Epidaurus is one of the most popular archaeological sites in Greece, reflecting its splendour and magnificence.
Located on the north eastern side of Peloponnese, in the region of Argolis, Epidaurus Greece is world famous for its Ancient Theatre. It’s about an hour and a half from Athens. Among all the ancient theatres, Epidaurus theatre is the most beautiful and best preserved.
The Epidaurus Theatre was constructed in the late 4th century BC to host religious ceremonial events in honor of god Asclepius, whose healing centre was located few steps away.
Famous for its symmetry and the incredible acoustics, this classical theatre is surrounded by lush greenery and gives nice view to the valley below. In summer, it hosts performances of ancient Greek drama.
The theatre is considered to be one of the purest masterpieces of Greek architecture. See it in person and it’ll take your breath away. From any view, whether you’re at the bottom or looking from above, you will be struck with awe at the amazing symmetry. The acoustics are almost perfect from any seat.
The Asklepieion at Epidaurus gained fame throughout the world for its unique healing practices. It was the 6th century BC when the work began on what was to become known as the cradle of medicine.
The ancient Greeks built a sanctuary for the ill. The sick would be purified in waters from a sacred spring, before they would go to sleep to meet with the gods in their subconscious. The deities would either cure them or give them instructions on the treatment they should follow.
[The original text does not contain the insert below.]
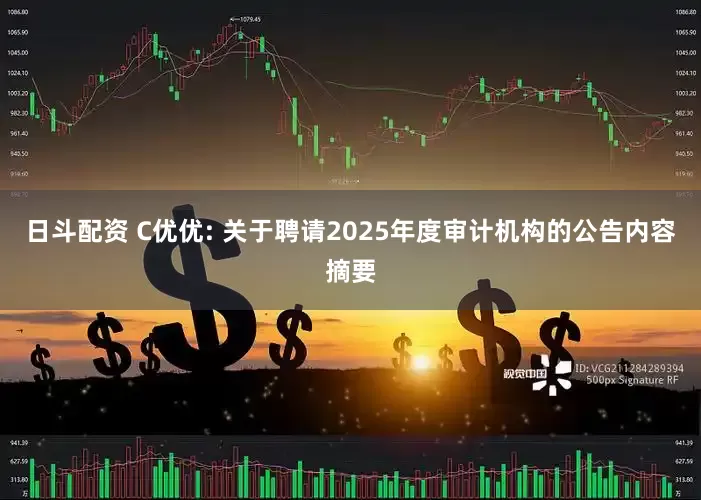 日斗配资 C优优: 关于聘请2025年度审计机构的公告内容摘要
Today its monuments are standing proof of the practice of medicine, and it was believed that healing depended on God. Archaeologists have discovered a large number of medical instruments at the site, which suggests the gods preferred to leave the hard work of healing to man, rather than always do it themselves.
Still, temples around the complex at Epidaurus show how much weight the ancient Greeks placed in the spiritual guidance.